LOWELL, Ark. — J.B. Hunt Transport Services will open new transload facilities to transfer cargo between international and domestic 53-foot containers in Seattle and Laredo, Texas, giving it facilities at four of the nation’s largest ocean ports as well as the largest land port of entry into the U.S.
“The complexities of international shipping continue to impact how our customers bring freight into the domestic supply chain,” Darren Field, president of intermodal and executive vice president at J.B. Hunt, said in a press release. “By growing the reach of our transload service and managing the drayage and loading processes for our customers, we can provide new levels of process oversight and visibility into their freight activity, particularly the critical first-mile segment.”
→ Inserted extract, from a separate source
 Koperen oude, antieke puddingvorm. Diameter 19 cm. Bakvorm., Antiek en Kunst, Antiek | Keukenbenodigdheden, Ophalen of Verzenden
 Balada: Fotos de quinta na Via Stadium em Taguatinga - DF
The Laredo facility recently began operations, and the facility in Tacoma, Wash., serving freight arriving in both Tacoma and Seattle, is expected to open in November. It will complement a container-only service launched with BNSF in August between its Tacoma South facility and Chicago [see “BNSF and J.B. Hunt to launch service …,” Trains News Wire, July 27, 2022] The Laredo facility helps address the need for transloading that is often required for freight entering and exiting the U.S. because of regulations, carrier and driver availability, and domestic capacity demand, J.B. Hunt says.
J.B. Hunt opened its first transload facility in New Jersey in November 2021 and opened a facility in Commerce, Calif., in July to handle traffic from the ports of Los Angeles and Long Beach.
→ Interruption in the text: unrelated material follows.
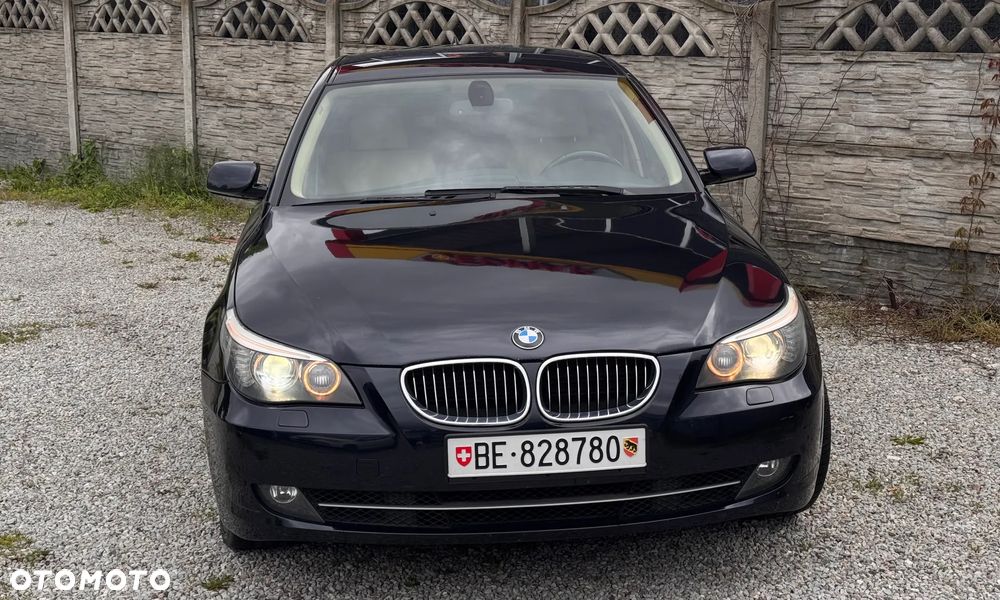 BMW Seria 5 525xi - 5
The reason for transload is it keeps you from hauling back 40′ empties and allows you to split them however works for you and the customer. It gives BNSF truck flexibility instead of selling just a full carload going to one destination. Walmart could theoretically be served this way with loads split to go to 4500 stores.
One thing that I learned a very long time ago when I worked for a railroad is that you can’t endlessly feed cars and locomotives into one end of the system and expect them to magically reappear at that end again. That is the messiness of railroading and what makes it so complicated.
Several megatrends at work here. First, both Hunt and Schneider are rapidly evolving into full service integrated logistics providers. Look at both websites. Each one of them now literally does just about everything for just about everyone in the supply chains (“soup to nuts”).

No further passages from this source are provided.